- What you are asked to do: Only the lines from the one with "Kids - Tottenham" through the final line below belong in the answer, copied exactly and without pictures.

- Data below:
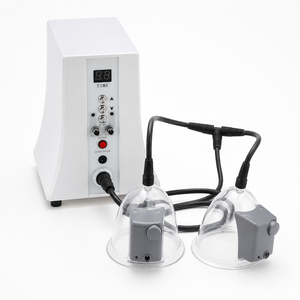Machine de thérapie par le vide pour l'augmentation mammaire et fessière, avec ventouses de levage des fesses et amplificateurs mammaires, à prix avantageux - Product Image 1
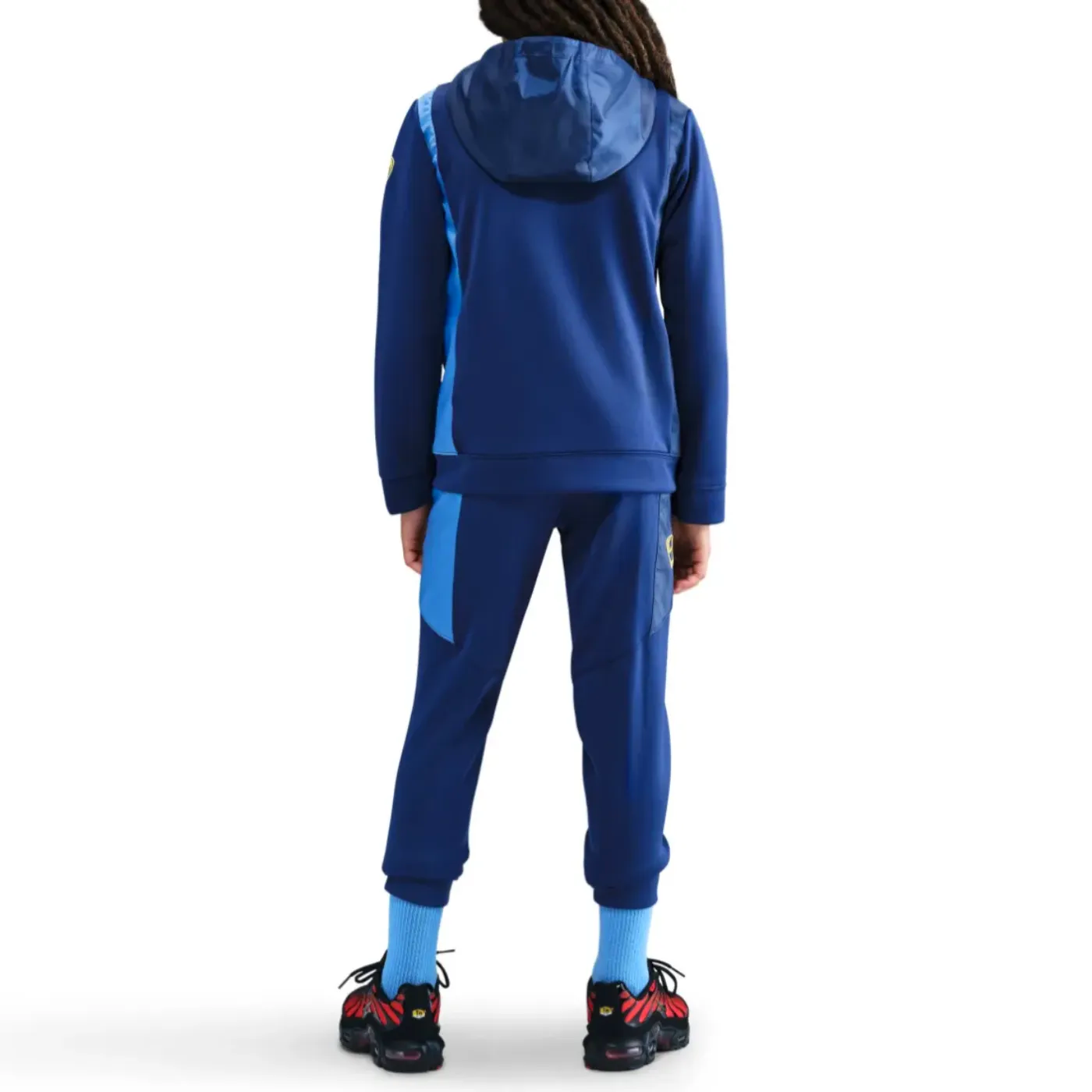 Kids - Tottenham Hotspur UCL training presentation tracksuit 2025/26 - Nike-4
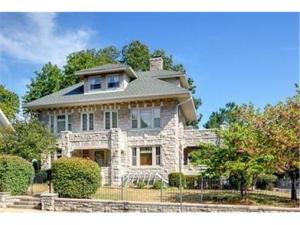 The Stone House in Brookside The Stone House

- Answer box:
 Kids - Tottenham Hotspur UCL training presentation tracksuit 2025/26 - Nike-4
 The Stone House in Brookside The Stone House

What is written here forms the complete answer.